I love this kind of stuff.

RipperX said...

I honestly don't like posting this kind of stuff, but I am glad that it made you happy :)

Brooser Bear said...

Fortunate, Dude!
Who in the mainstream ever think of crediting Gurdjieff and Crowley with a success story like this?

RipperX said...

Crowley was gone towards the end. Most occult writers either do go crazy, or become writers of pointless things but most of them which are prolific fall victim to both.

Your best stuff is found in single volumes about a specific topic, though that MAN, MYTH, or MAGIC encyclopedia was awesome. I'd love to find a complete collection of those badboys.

Brooser Bear said...

I prefer original texts, where possible. There is stuff lost in interpretation. You get better Mojo if you tap the source. This is not just from the occult but from social science, where textbooks tend so often to be, what you describe - each chapter on the topic lists 30 or so theories and titles neatly summarized in a few sentences or a paragraph, where others spend their academic careers developing the framework further. You need to go for the source in order to master the stuff, even though you WILL discover that at times the source is so dated and off base that the sentence or two in a textbook was the best treatment it deserved.

With regards to Man, Myth, and Magic, I know the RPG, a pale shadow at that, but with any rare books. Amazon and E-bay are your best bet. Betcha you can find them for pennies on the dollar. There used to be book locating services and BOOK DEALERS (yup, like drug dealers and just as expensive) in the days before the internet. I remember paying $30.00 for a dime novelization of John Carpenter's The Thing. Nowadays, those guys are useless, since they work off the same inyternet as you and I.

However, there are still USED BOOK SHOPS, and some of their stuff is NOT LISTED on the internet. Out of those places you can get positively snchronistic events. Someone I knew got murdered. I stopped off a Dead Wolf or Dying Wolf (Wolf's Lair, actually) bookshop, Picked up a book, Murder in Wartime, about a murder case in Vietnam. Oh wow, look at that, the young defense lawyer mentioned in that book, was the same senor partner in a law firm representing the family of deceased ina wrongful death lawsuit. What a coincidence, if you believe in those. Another time, I was driving yo the epper Delaware valley and there was usaed book shop amidst trhe decaying campground resort. Accidentally I ran into and picked up Complete Works of Harry Stack Sullivan, two volumes, for a lousy twelve bucks.
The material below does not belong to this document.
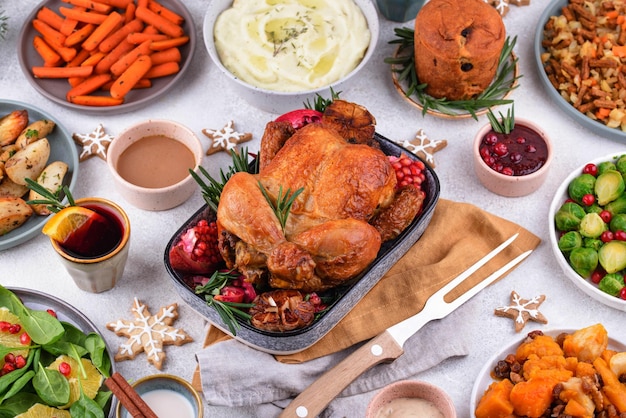 Dîner de fête de Noël avec des plats traditionnels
Later on I had the Profs offering me hundreds of dollars for those two rare edition books.

If you are looking to complete your Man Myth and Magic series, there ae two USED BOOK SUPERMARKETS in Manhattan, NY. One is called The Strand, and the other is called Labyrinth Books. Get them on the phone and get one of the starving students working there to actually go and look through the stacks of books. They get overflows of merchandise beyond what they inventory into their computers. And if they have it, they can take your money online and mail it to you. Unless you wanna drive out to New York and make a journey of it.

Either way you do it, good luck with it!

RipperX said...

The Man, Myth, or Magic which I was referring to is a huge set of encyclopedias which focused on the paranormal, the occult, and ancient religious mysteries. It was huge! My old high school had the entire thing and I've never seen it again.

That and I am a simple hillbilly. Something like that is way out of my miserable budget ;)

Anonymous said...

Hey babe! Guess what? I found it! Maybe if you're nice to me, you might get it for Xmas. ;P

I wish I still had some of the same books I had when I first met you. Thanks to a certain weirdo we both knew, they came up missing. Oh well, live and learn. Just gives me and excuse to buy new finds.